Orlando's Puerto Rican community gathers donations for hurricane relief
Karen Díaz de Suarez's hands were trembling Sunday when she finally got the call from her brother that he and his family had survived Hurricane Maria.
For days after the storm decimated buildings, flooded homes and knocked out power for the entire island, Díaz de Suarez didn't sleep or eat much while she waited anxiously, to hear from her seven siblings who live in Puerto Rico. When her brother finally called, he said Maria sounded like a monster outside their home.
While Díaz de Suarez waits to hear from the rest of her siblings, she and dozens of Central Florida residents were gathering food, water, monetary donations and other supplies in Orlando to send to Puerto Rico. As they worried about their loved ones, Orlando's Puerto Rican community stacked piles of bottled water, organized canned goods, separated clothing and collected heaps of pampers at Acacia El Centro Borinqueño for the 3.4 million American citizens on the U.S. territory.
The devastation from the hurricane left Puerto Rico on the brink of a humanitarian crisis and the island could be without electricity for four to six months.
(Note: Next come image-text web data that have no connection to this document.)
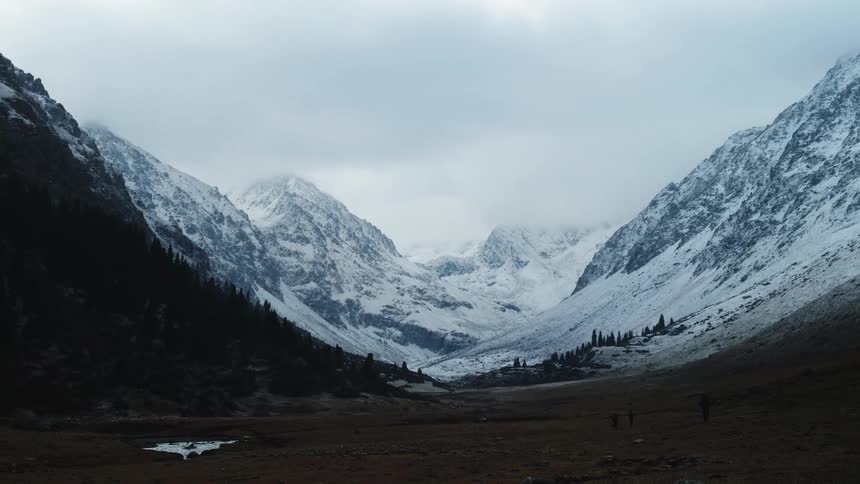 Panorama of a landscape in the middle of a field with snowcovered mountains on a cloudy day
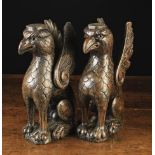 A Pair of Elizabethan Oak Figural Supports carved in the form of seated griffins with upswept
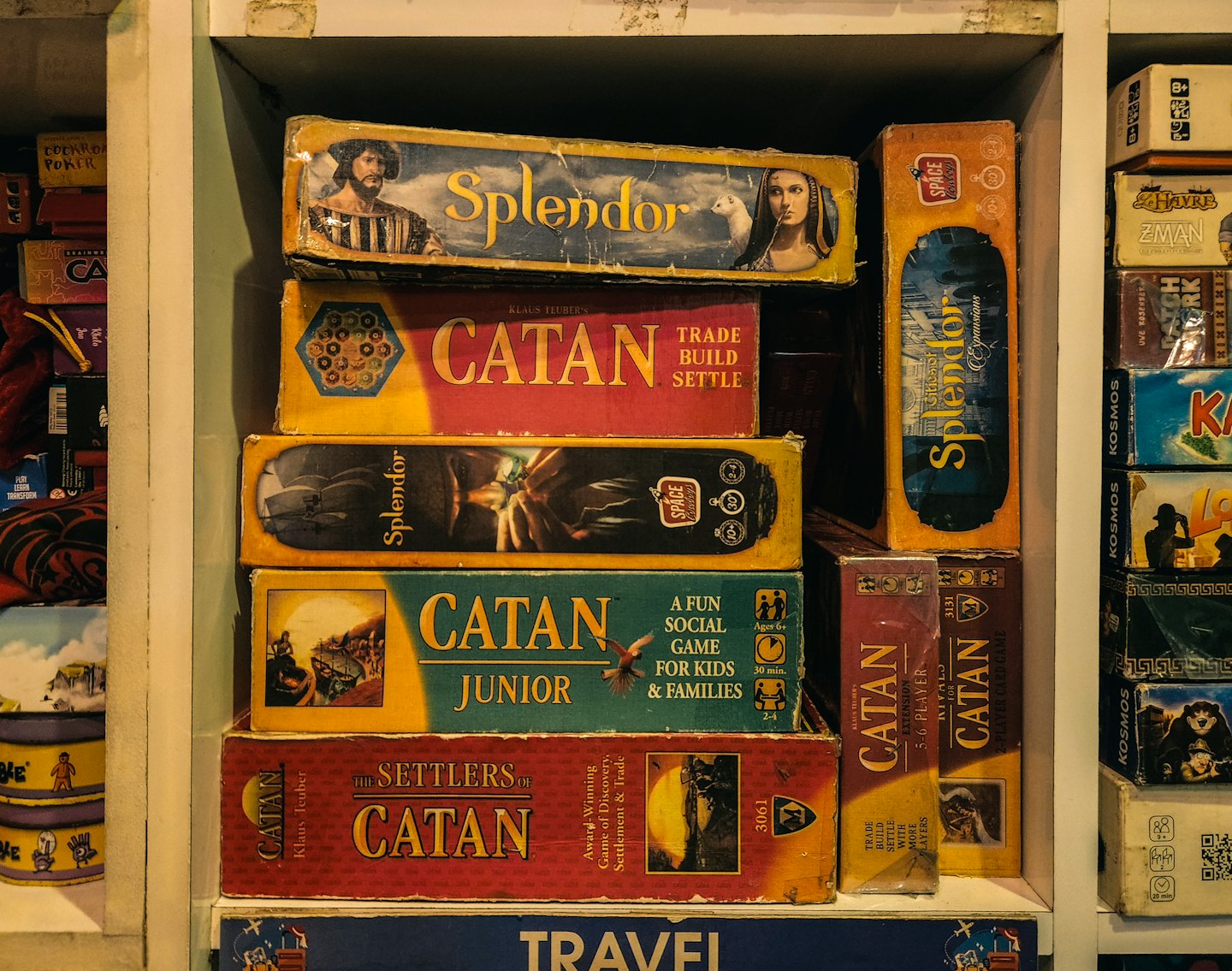Drevená polica plná krabíc doskových hier Catan a Splendor.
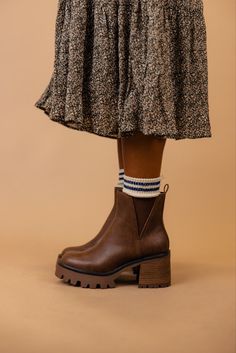 The Rusty is a dark brown bootie featuring a 3" heel and a small platform. Take inspo from our pictures and pair with your favorite boot socks and a floral dress! 3 1/4" heel; 1/2" platform 9 1/4" shaft; 10 1/2" calf circumference Contoured footbed Synthetic upper and lining/rubber sole *FINAL SALE* Floral Dress And Boots, Roper Boots Women's Outfit, Brown Boots With Chunky Platform And Round Toe, Fall Chunky Platform Ankle-high Wedge Boots, Brown Platform Ankle Heeled Boots, Brown Chunky Platform Heeled Boots For Winter, Brown Ankle-high Wedge Boots For Winter, Brown Platform Boots With Medium Width And Round Toe, Winter Brown Chunky Platform Heeled Boots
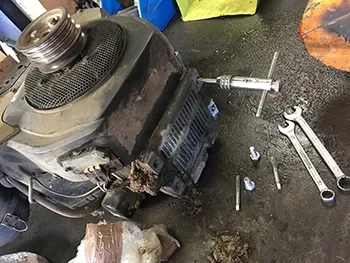 Ausgebauter Kleinmotor auf Werkstattboden neben Werkzeugen und Schrauben, während der Reparatur und Demontage.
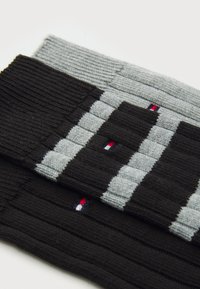 Pair of knitted accessories, one black and one grey, featuring striped patterns and small logo accents in red, white, and blue.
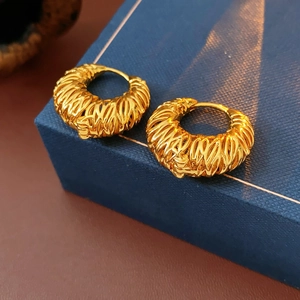 Detail of 18k gold plated hoop earrings with woven texture on a blue jewelry box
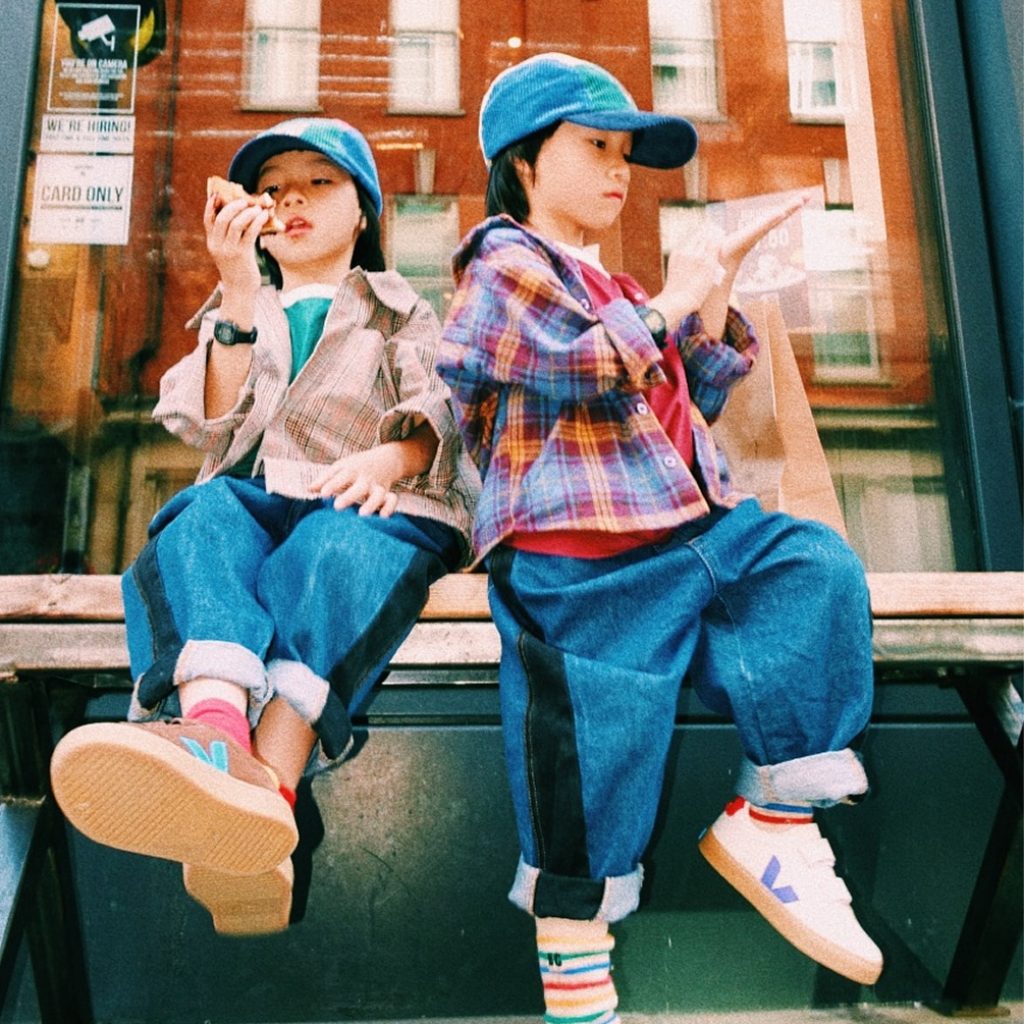 two young boys wearing blue caps and VEJA x JELLYMALLOW collaboration sneakers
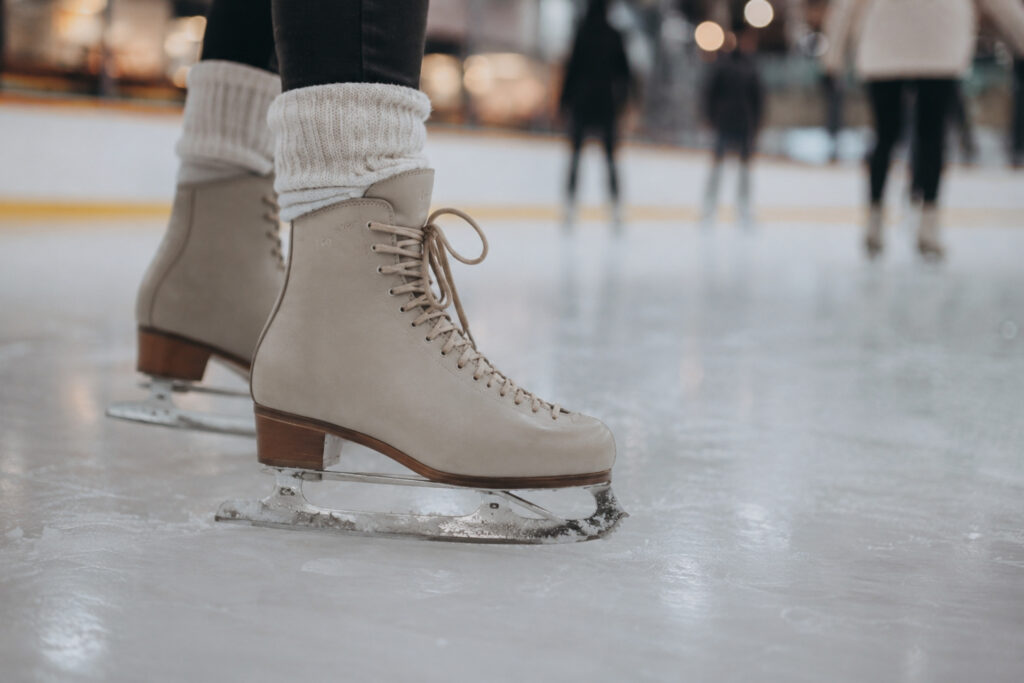 Eiskunstlauf-Schlittschuhe stehen auf einer glatten Eisbahn, im Hintergrund sind verschwommene Passanten zu sehen.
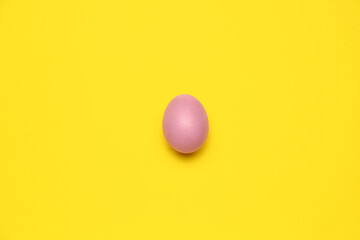 Beautiful Easter egg on yellow background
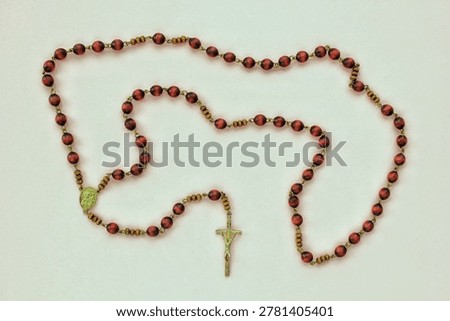 Top-down flat lay view of a traditional catholic rosary with brown reddish wooden beads gold metal chain connections small oval center medal and a crucifix cross pendant on a white surface area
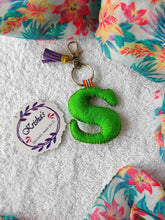 Load image into Gallery viewer, Key ring bag charm. Cute bag charm with stuffed alphabet. Hand bag charms. Felt bag charm. Unusual bag charm. Pink bag charm. Bag charm with lobster claw clip. Luxury bag charm. Tessel bag charm.
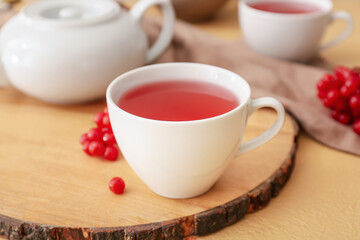 Cup of healthy viburnum tea on table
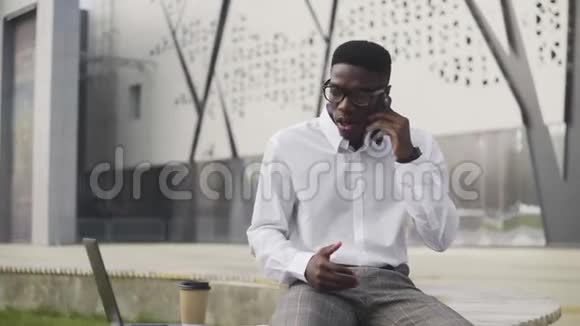 戴眼镜的严肃非洲商人在城市公园用手机说话视频的预览图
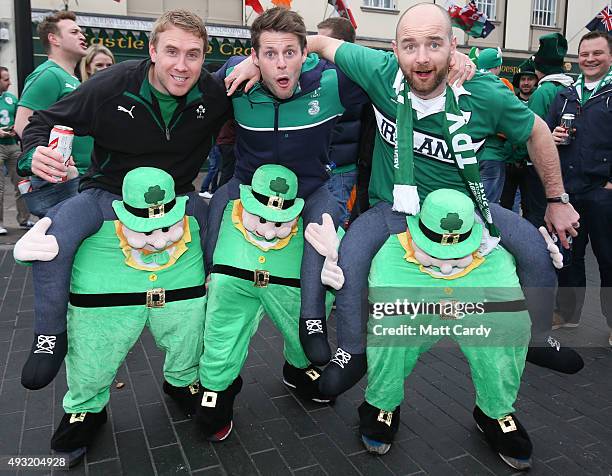 Irish rugby fans pose for a photograph close to the Millennium Stadium where Ireland are playing Argentina in the quarter finals of the Rugby World...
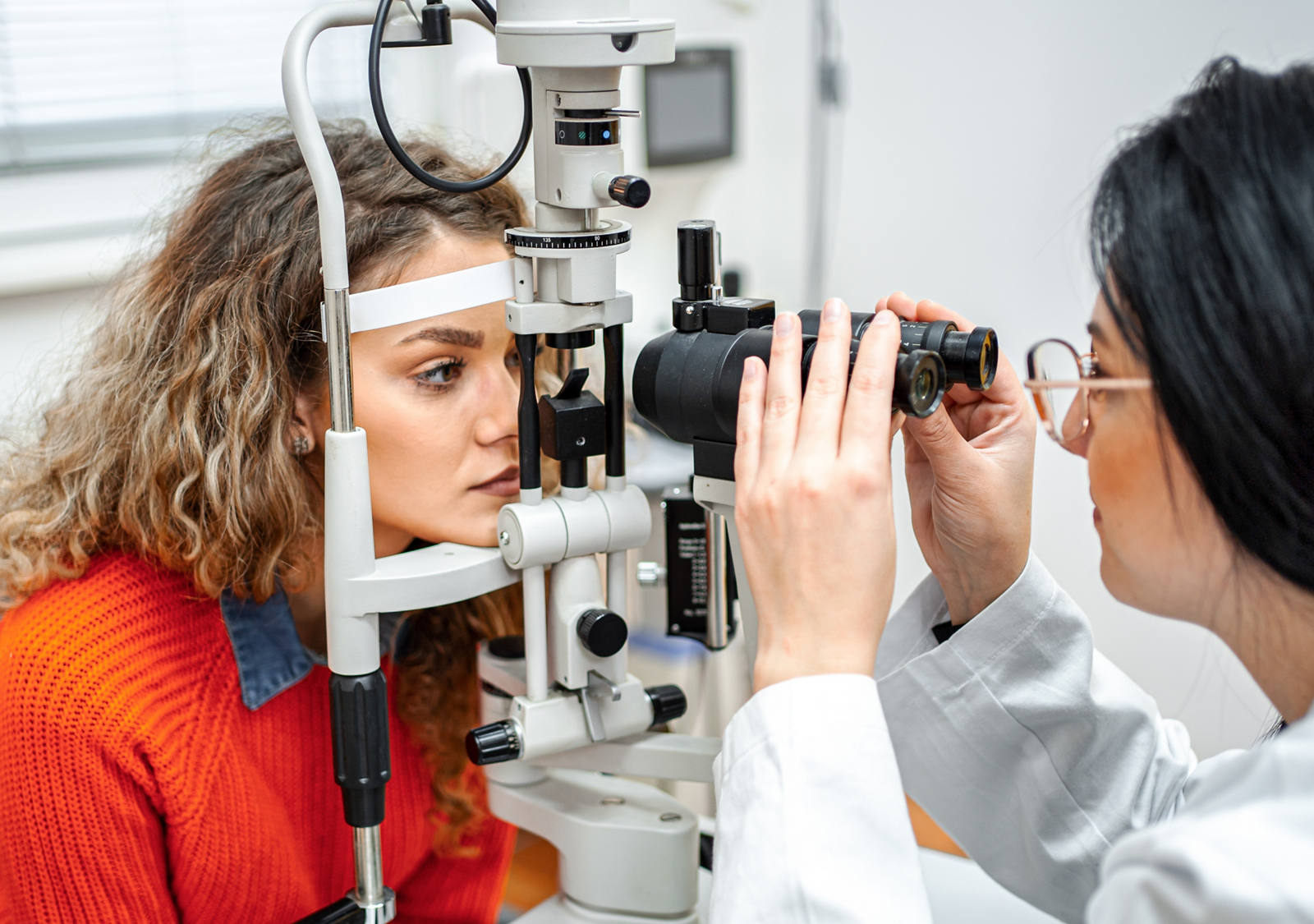 Augenärztin untersucht die Augen einer jungen Patientin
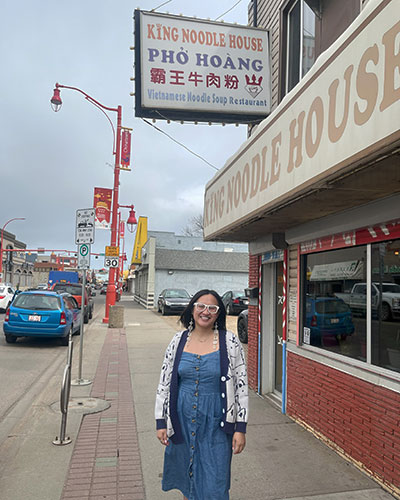 A woman stands on a street in front of a vietnamese pho restaurant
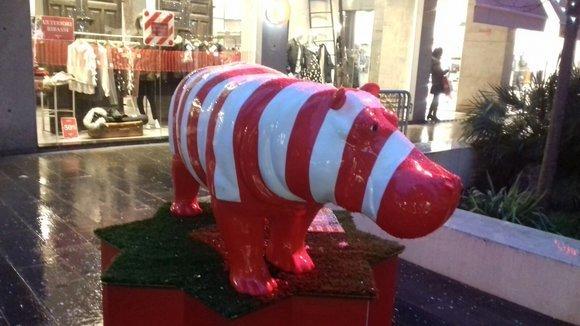 Abstract decorative sculpture of white/red colored hippopotamus figure 180cm height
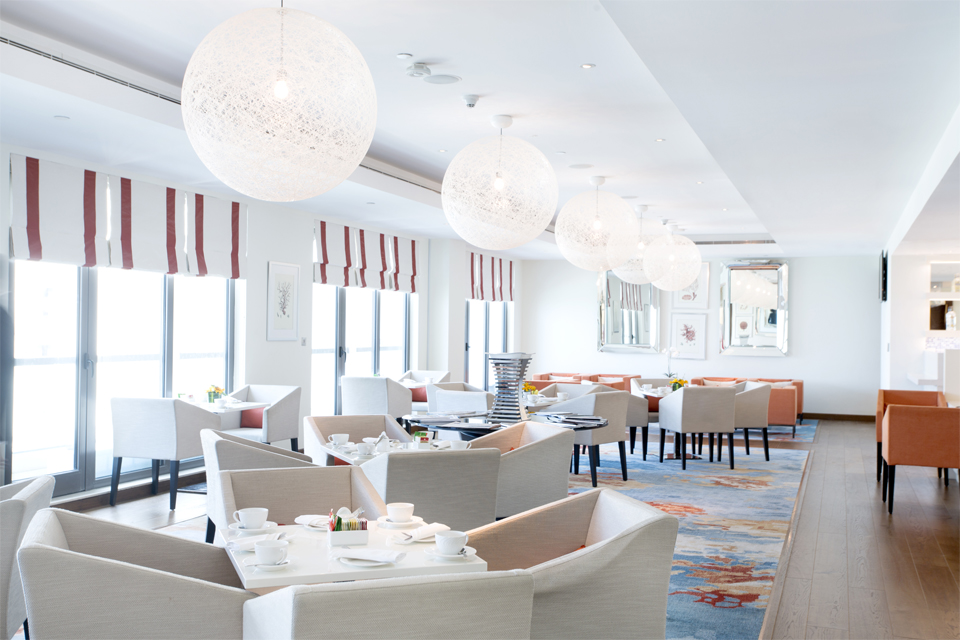 Business Lounge Design - Luxury chairs & tables on large abstract rug below white netted ball lighting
Jimmy Torres-Vélez, an organizer for CASA, the group collecting donations, says hundreds of volunteers have been showing up to work throughout the day and night. The challenge now is getting donations to the Puerto Rican people quickly – some shipping ports on the island remain closed and CASA is trying to find a warehouse because it's running out of room. Torres-Vélez called for local business leaders and elected officials to reach out and help now because Central Florida's Puerto Ricans are in this for the long run.